Эта цитата из книги о Юрии Олеше вовсе не опровергает сказанное мною о бытовом гвозде. В этой же книге Белинков пишет:
Абстрактные понятия овладевают нашим сознанием через внешне очень простые и, казалось бы, незначительные, даже заурядные вещи.

Так, понятия «тирания», «диктатура», «эпоха реакции»… овладевали моим сознанием через обыкновенные, даже заурядные ботинки на микропорке.

И далее Белинков сочиняет анекдот про то, как однажды жена приобрела ему ботинки, но так как у нас в стране всё распределяется (то есть бери что дают), то ботинки ему достались на два размера меньше. Чтобы ходить в них, он должен был каждые два часа принимать анальгин.

Мы опять понимаем, что это не факт из биографии Белинкова, а лишь созданный им художественный образ, показывающий нам, как важен был бытовой мотив для вызревания в Белинкове социального протеста.

Человек, живущий умственным трудом, особенно писатель, должен для успешной работы как минимум иметь рабочий кабинет. Аркадий всегда жил обеспеченно, даже в войну он не знал голода, как знали многие из нас. Но кабинета своего – не имел. Он жил недалеко от Литинститута, его семья занимала одну комнату в общей квартире без особых удобств. Родители его старались возвратиться домой попозже, уходили в гости и т.п. – лишь бы дать ему возможность подольше поработать.

Аркадий работал всегда очень много. В этом надо отдать ему должное. Он не метался между разными призваниями, был целеустремлен и действительно ощущал себя профессионалом. В этом он, можно сказать, превосходил нас на целую голову. И его недовольство стесненностью быта нельзя считать несправедливым.

(Михаил Булгаков долго не мог простить послереволюционной России, что она лишила его большой многокомнатной квартиры).

Аркадий был большой говорун, речь его отличалась изысканностью, пересыпана специфической терминологией, и он никогда не снисходил до того, что половины из нее мы попросту не понимали. Тогда это, может быть, нам и не нравилось, но ведь мы считали себя «мозгами» и хотели быть деятелями пера…

Не скажу, что такое отношение к нам Аркадия было проявлением добра. Виноваты ли были мы, что получали скудное воспитание?… Но и не скажу, что для такого отношения не было у него оснований.

Эпоха вырабатывала язык, понятный массам. Но в конце концов в результате такого опрощения и вся культура покатилась вниз. Аркадий же был вполне последователен. Вот что он писал в своей книге об Олеше:

Язык – это выражение сознания, мысли, и скудный язык выражает скудную мысль. Люди, говорящие тощим, чахлым, вымученным, чахоточным, испуганным и смиренным языком, это люди тощие, чахлые, вымученные, чахоточные, испуганной и смиренной мысли, жизни, судьбы. И учить этих людей нужно не стилистике, а порядочности.
Бунт против неэстетичного быта переходил в бунт против неэстетичного языка, неэстетичного образа мыслей, неэстетичного образа жизни.

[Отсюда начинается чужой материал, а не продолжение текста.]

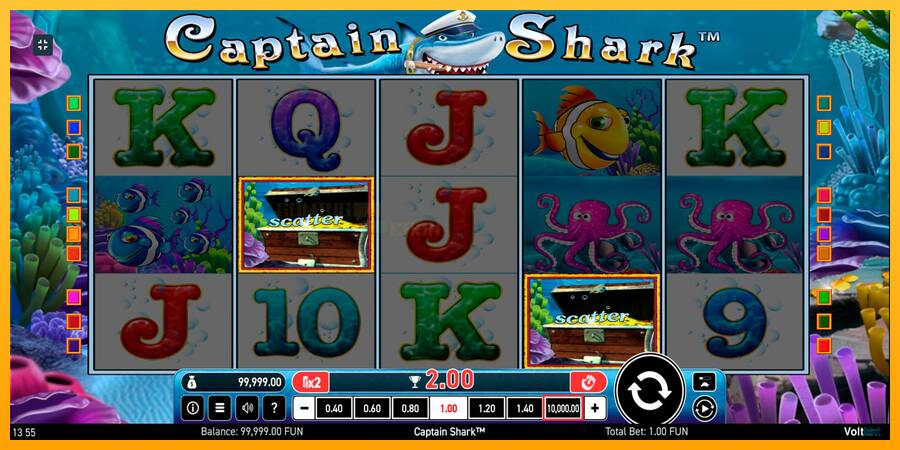 Captain Shark игрална машина за пари, снимка 3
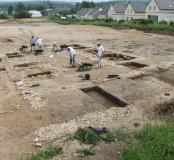 La maison du villicus en cours de fouille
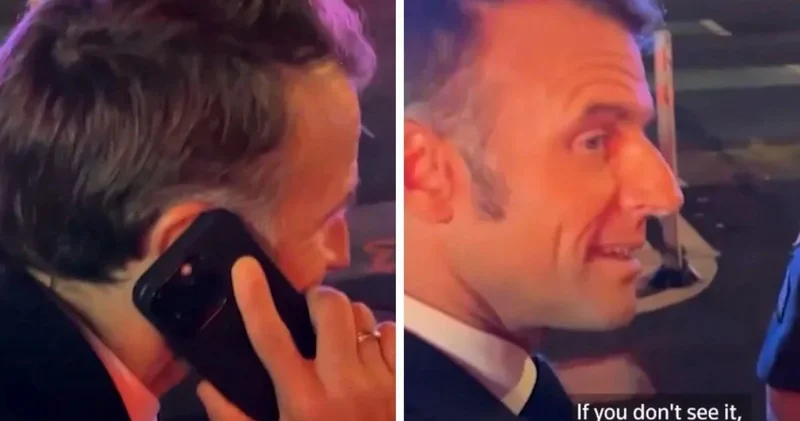 Alo Trump, ben Macron. Polis yolumu kesti!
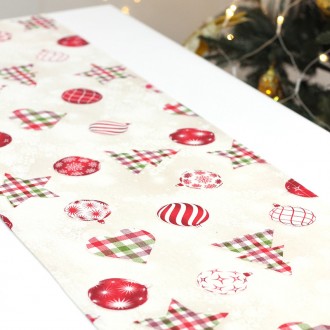 Стильна доріжка на стіл із новорічним малюнком для тих, хто любить вишукані та 
. . фото 2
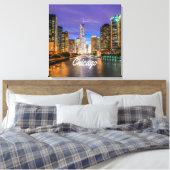 Chicago Illinois City Leinwanddruck (Insitu (Schlafzimmer))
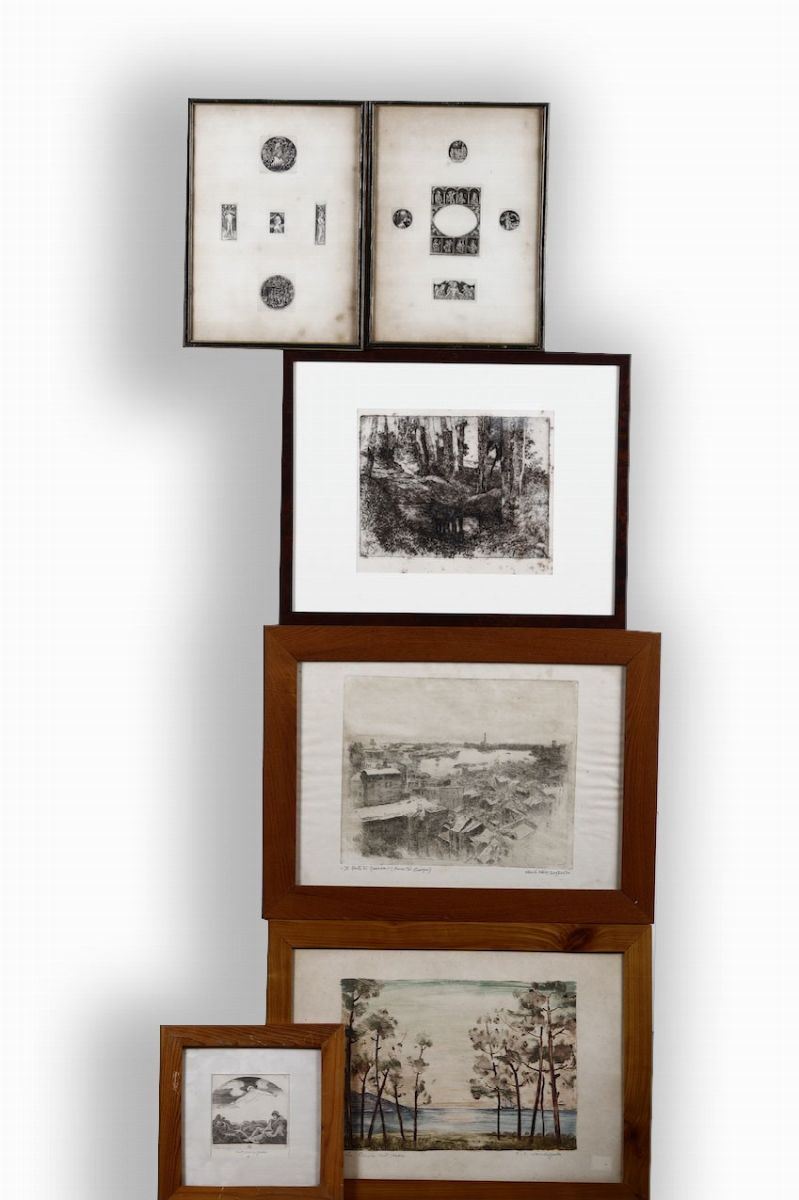 Lotto di stampe, tra cui Santagata e Galiardo  - Asta Antiquariato Febbraio | Cambi Time - Cambi Casa d'Aste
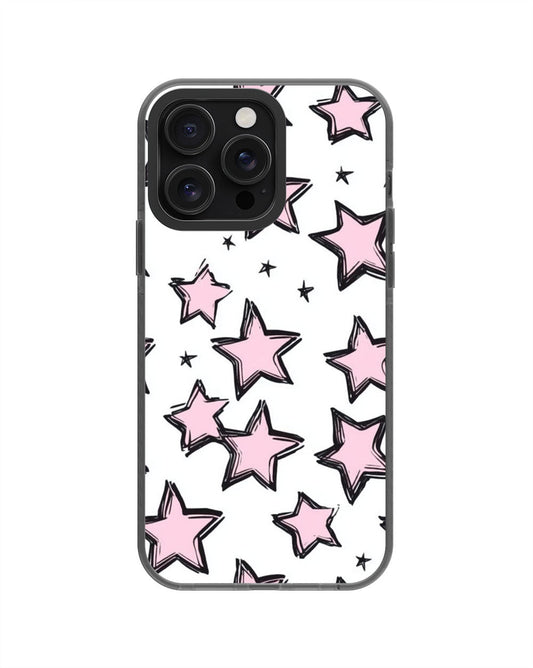 Latest 3rd-Generation Pop Tough Matte Stars iPhone Case (MagSafe-Compatible) [Back Cover Only]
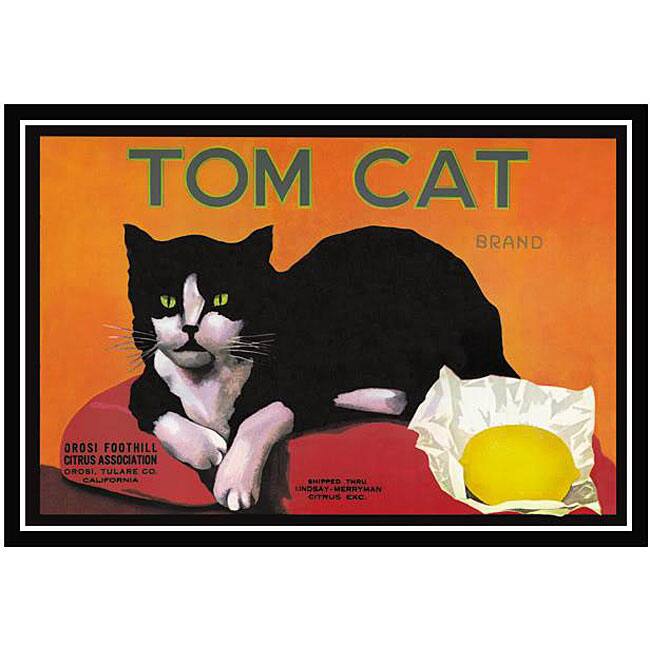 'Tom Cat Brand Lemons' Framed Art Print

Думается, Аркадию скорее бы простили его индивидуализм, если бы он просто был таким анемичным, сутулым существом, отрешенным от общей жизни, - этаким закопавшимся книжным червем, непохожим на всех. Все бы на него смотрели с высот полнокровности жизни, а им охотно пользовались бы как справочником.

Аркадий же был деятелен. Он хотел вытащить всех из прозябания, приобщить к новой литературной жизни. Принимал участие в выпуске стенгазеты, старался, чтобы от нее пахло литературой, способствовал организации литературных вечеров. Он проявлял ко всем интерес, пытался расшевелить, жадно прощупывал в каждом хоть какой-нибудь дар и подлинную любовь к литературе.

Да, Аркадий не был патриотом соввласти. Он ее не любил. И тогда уже ясно видел, что наш режим – это режим тирании. О чем сейчас говорят все «умники», в том числе и те, которые тогда гневно осуждали Белинкова.

И сколько же и тогда было среди них неискренних, фальшивых лицемеров! Думающих только о своей карьере…

Как же в такой атмосфере было жить и дышать такому, как Аркадий, если не надеть маску аристократизма и снобизма. Разве его маска была хуже других?…

А ведь надо было жить, учиться в совинституте, сдавать экзамены по марксизму, платить комсомольские взносы…

Нужно быть мужественным человеком,- писал Белинков, - чтобы иметь талант («Юрий Олеша»).
В своих книгах Белинков будет писать о том, что истинный художник – это человек, который говорит правду о своем времени. За это художника убивают.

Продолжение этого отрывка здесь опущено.